… the crescent and the cross.

It’s just past 09:00 in the morning and the temperature outside is climbing slowly back towards the 30˚C mark. We’re in for another hot day on the African Highveld after an equally warm evening. Sticky and uncomfortable as the moisture is sucked from the hard, brown earth leaving you in a blanket of humidity. It envelopes you like the darkness of a pastoral night that is clear and sharply defines a crescent moon above.

Almost in a moment you can imagine G’d sweeping it in a slow, purposeful arc cutting away all the pain and hurt and suffering from the earth as if he were lancing a boil. And as the draught of the approaching midnight sends a chill down my spine, almost naked except for the thin t-shirt on my back, I walk back inside. Reluctant to fall asleep for the fear of dreams. Dreams filled with faces of people no longer in my life, places that I can never visit again, and the ghosts of relationships past.

I am taunted by the promise of a bright future forged through perseverance. A boy becoming a man! 

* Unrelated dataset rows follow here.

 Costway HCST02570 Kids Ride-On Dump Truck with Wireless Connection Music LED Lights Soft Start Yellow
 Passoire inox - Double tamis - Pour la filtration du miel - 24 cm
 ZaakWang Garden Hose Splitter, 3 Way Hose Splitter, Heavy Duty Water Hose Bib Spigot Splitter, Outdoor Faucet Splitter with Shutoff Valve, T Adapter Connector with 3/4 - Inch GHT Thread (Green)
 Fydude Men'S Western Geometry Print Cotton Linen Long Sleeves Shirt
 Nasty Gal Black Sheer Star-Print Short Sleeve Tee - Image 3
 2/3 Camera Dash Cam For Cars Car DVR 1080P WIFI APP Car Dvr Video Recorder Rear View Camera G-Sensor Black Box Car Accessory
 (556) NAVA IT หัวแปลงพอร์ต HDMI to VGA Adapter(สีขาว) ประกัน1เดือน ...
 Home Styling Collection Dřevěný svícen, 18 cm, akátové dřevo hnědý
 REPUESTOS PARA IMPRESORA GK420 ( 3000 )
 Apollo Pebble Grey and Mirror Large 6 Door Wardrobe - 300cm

An inner strength that you discover when you touch the deepest troughs of personal loss and realise what it means to have ‘heart ache’. But muscles like the heart heal, in time, but the sinewy bridge makes it a little harder and less flexible to whimsical delights of a stolen kiss at Café Florian, drinking a Borolo with that handsome stranger as you lay on a night such as tonight under the expansive sky, or looking into the eyes of your lover over a cup of coffee and realise that this time …

… this time it will be different.

I thought of you last night as I sat looking at the evening star. The evening star will always be a reminder of you as the night that I love so much.